Cette suggestion de deux heures, gérée de main de maître, sera d'autant plus frappante lorsque Phillips décidera de la couper pour montrer face caméra la violence de son monde décadent, allégorie fantastique de notre société actuelle dans laquelle sont rejetées les personnalités jugées anormales, différentes, uniques, au contraire de ces jeunes hommes fringuants qui se croient tout permis de leur position sociale élevée, jusqu'à tabasser à de multiples reprises un pauvre homme étrange, malade, seul.
C'est là que le film réussit le plus son coup de poker : rien qu'à la manière qu'il avait d'être écrit, il était prévisible qu'il serait terriblement bon.
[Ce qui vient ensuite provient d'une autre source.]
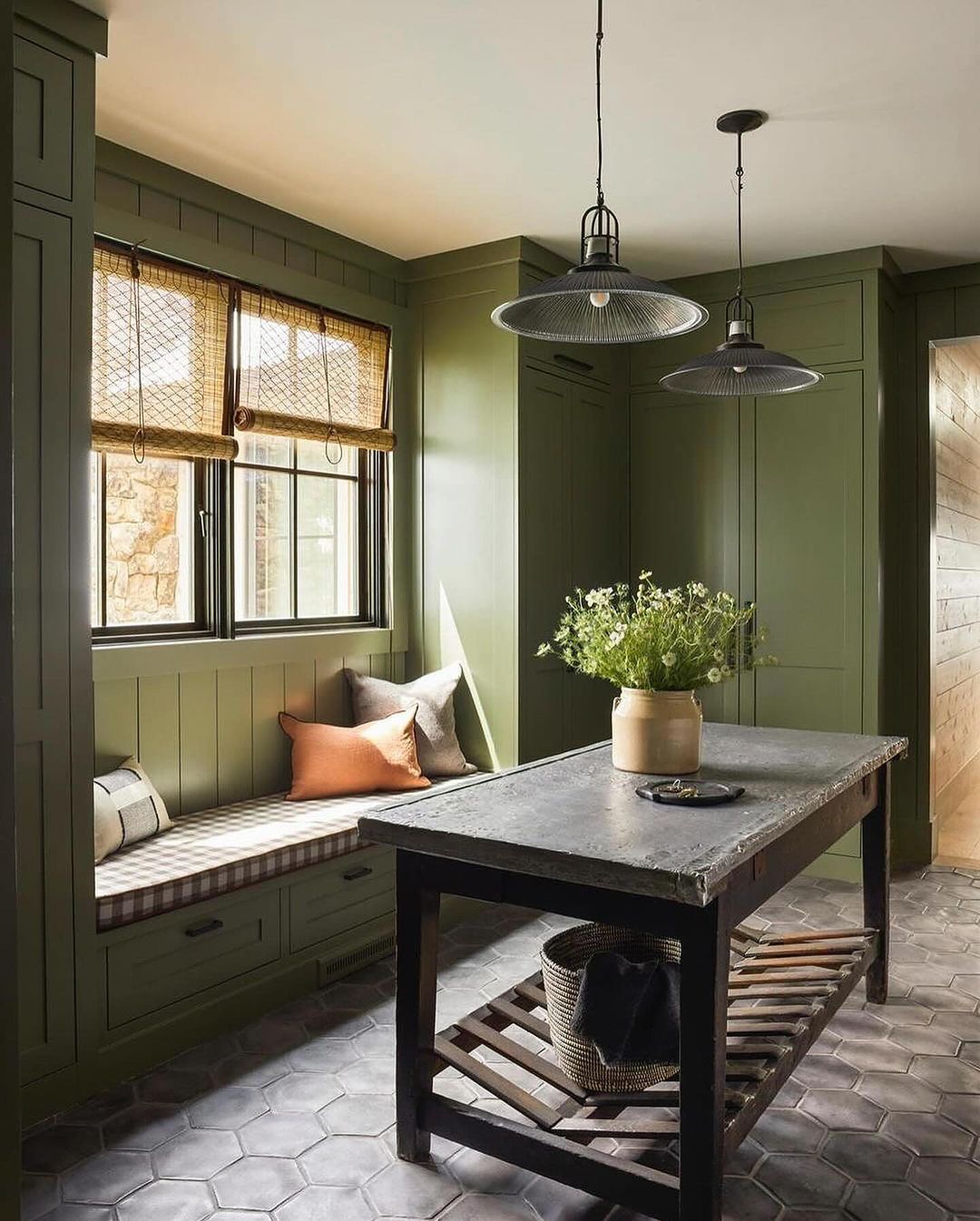 A harmoniously designed mudroom with sage green built-ins and checkered cushions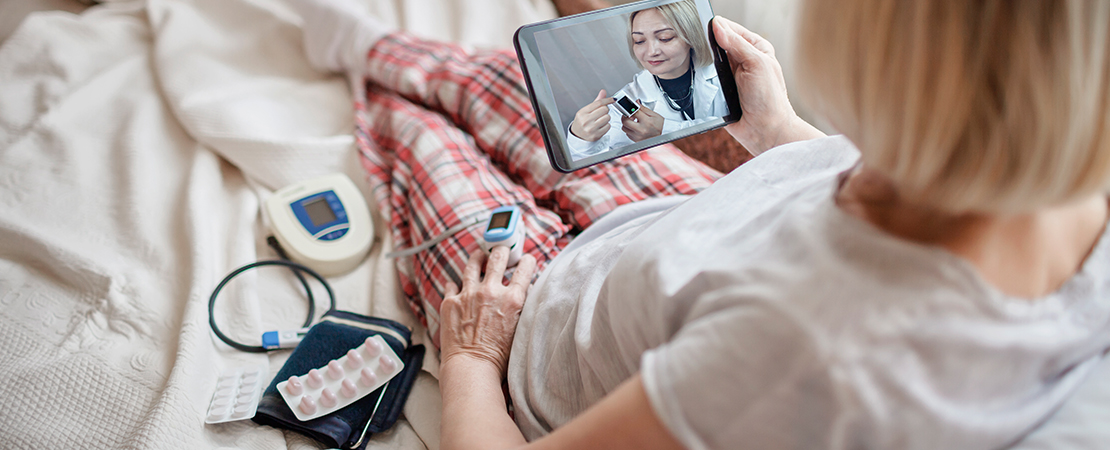 old woman in bed looking at screen and consulting with a doctor online at home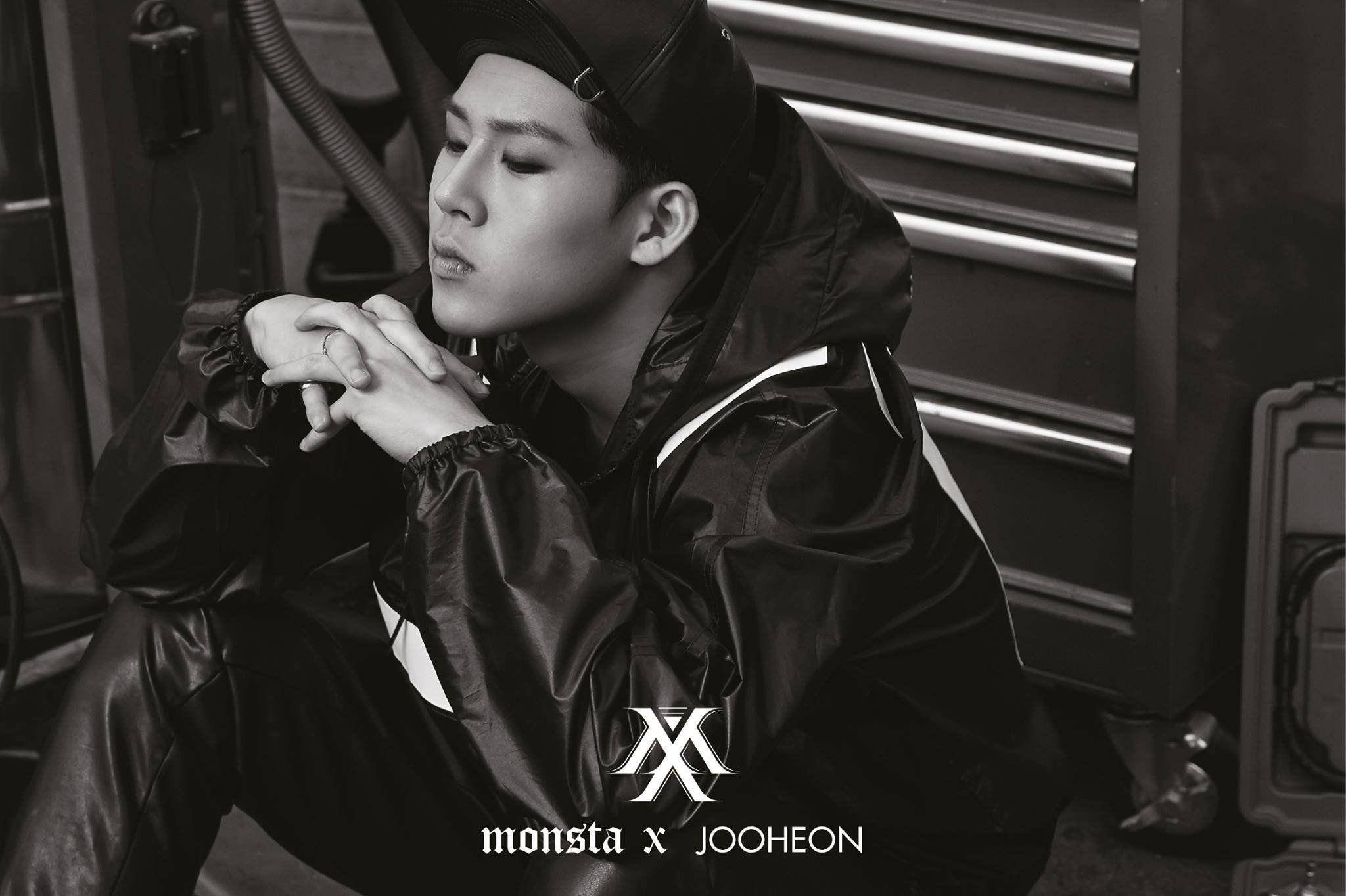 Monsta X 賈浩然 壁紙 — 一個身穿黑色外套和帽子的年輕男子，在單色調的車庫門前若有所思地坐著。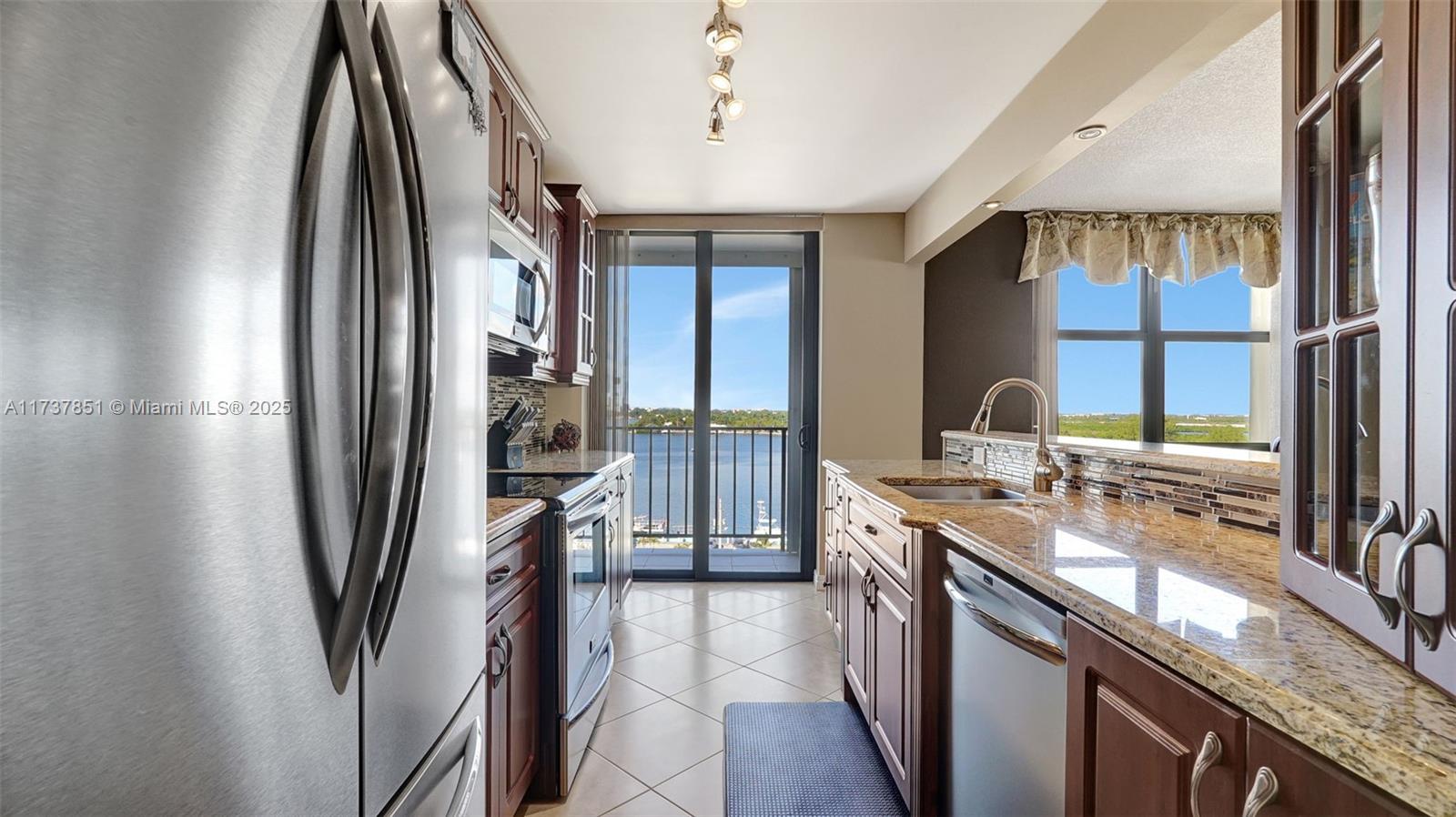 322 Buchanan Street, Unit 907 Hollywood, FL 33019 - Photo 7 of 45 a kitchen with stainless steel appliances granite countertop a refrigerator and a sink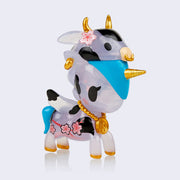 Vinyl semi transparent unicorn figure with subtle glitter injection. It has black blotches on its body, like a cow pattern, a blue mane and tail and a gold hoop earring and medallion chain around its neck. Atop its head is an ox head with gold horns and gold septum ring.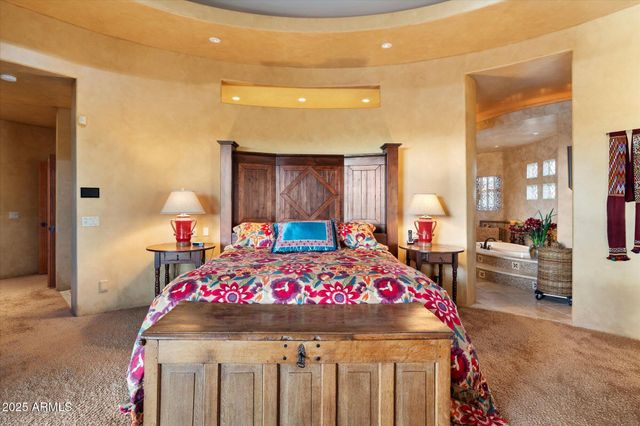 a bedroom with bed and a table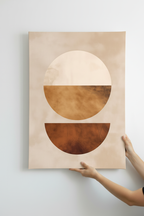 Hands holding Earth Circles canvas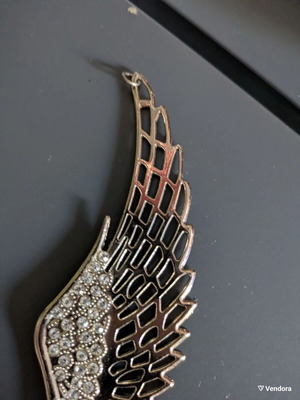 Angel wing like new, gold with rhinestones statement piece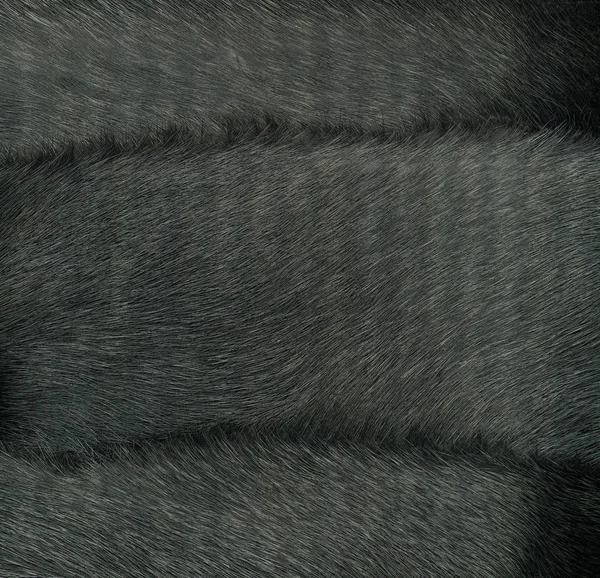 fragment of fur coat as natural black fur background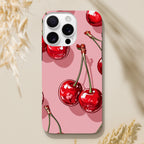 Coque iPhone Cerises Roses, illustration de cerises rouges sur fond rose.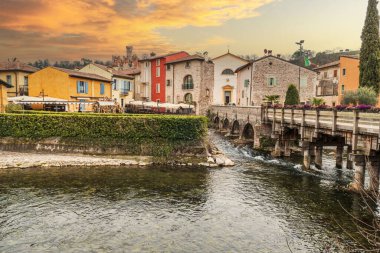 Valeggio, İtalya - 03-02-2022: Borghetto Konsolosu Mincio 'nun güzel renkli evleri gün batımında suyu yansıtıyor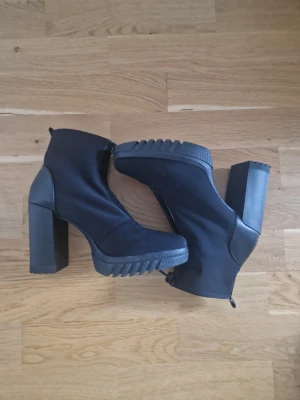 Svarta stövletter med klack från Zara - Säljer ett par svarta stövletter från Zara med chunky hög klack och grov plattformsula. Skorna har dragkedja framtill och är gjorda i syntetmaterial med detaljer i skinnimitation. Rund tå och cool urban vibe, perfekta för dig som gillar statement boots.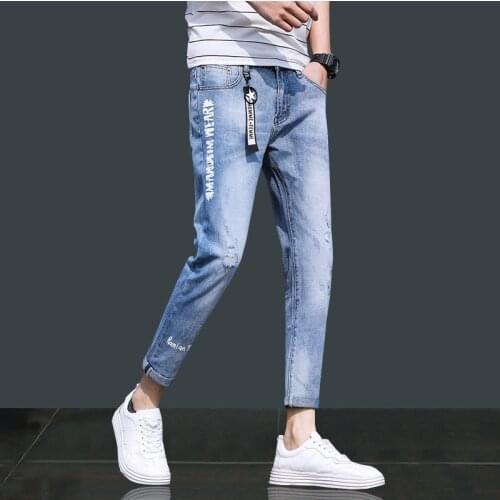 Denim jeans mens summer 2021 fashion brand Slim feet mens casual ripped pants Korean trend thin teenagers pencil pants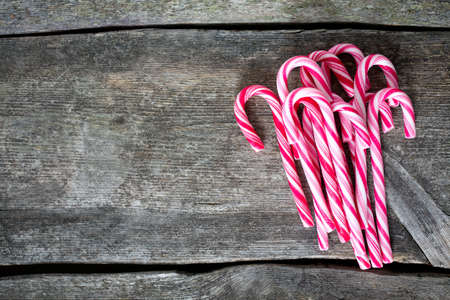 Striped Christmas candies on wooden surfaceの写真素材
Aboutit de bout en bout, il dépasse sa condition de film noir extrêmement pessimiste pour livrer une réflexion en parallèle sur la nature du Joker et de Batman : si dans les comics/films le Batman crée volontairement ou non le Joker (cela dépend des versions), c'est ici du Joker que vient Batman, et cela au travers d'une scène magnifiquement filmée et portée par une bande-son absolument impérieuse, présente dans tout le film à des moments propices, sans jamais être tire-larmes ou trop badass.
Visuellement magnifique, on ne sait plus où regarder : la photographie, la colorimétrie, la gestion des lumières, des ombres, avec ces sublimes scènes en intérieur décuplant la force des autres extérieures, particulièrement quand Fleck se retrouve dans le métro, élément essentiel à l'évolution d'un personnage fascinant et interprété de façon magistrale, interprétation pour laquelle Phoenix aura perdu énormément de poids et changé jusqu'à son regard. Le résultat est saisissant, sa prestation inoubliable.
La manière que Phillips a de choisir ses plans est tout aussi fascinante, que ce soit dans sa manière de les composer que de les cadrer, le tout couplé à son montage magnifique qui gère la tension des scènes avec un professionnalisme énorme (la rencontre entre Phoenix et De Niro est un bonheur de montage). Comme évoqué précédemment, l'écriture et la bande-son viennent soutenir solidement le tout, prouvant pendant plus de deux heures que Joker a fait entrer le genre super-héroïque dans la cour des grands films de l'Histoire du cinéma, et que c'est un divertissement exceptionnel qui change enfin de tout ce qu'on peut voir chaque année de plus médiocre et commercial.
Joker, un film unique à la personnalité démente.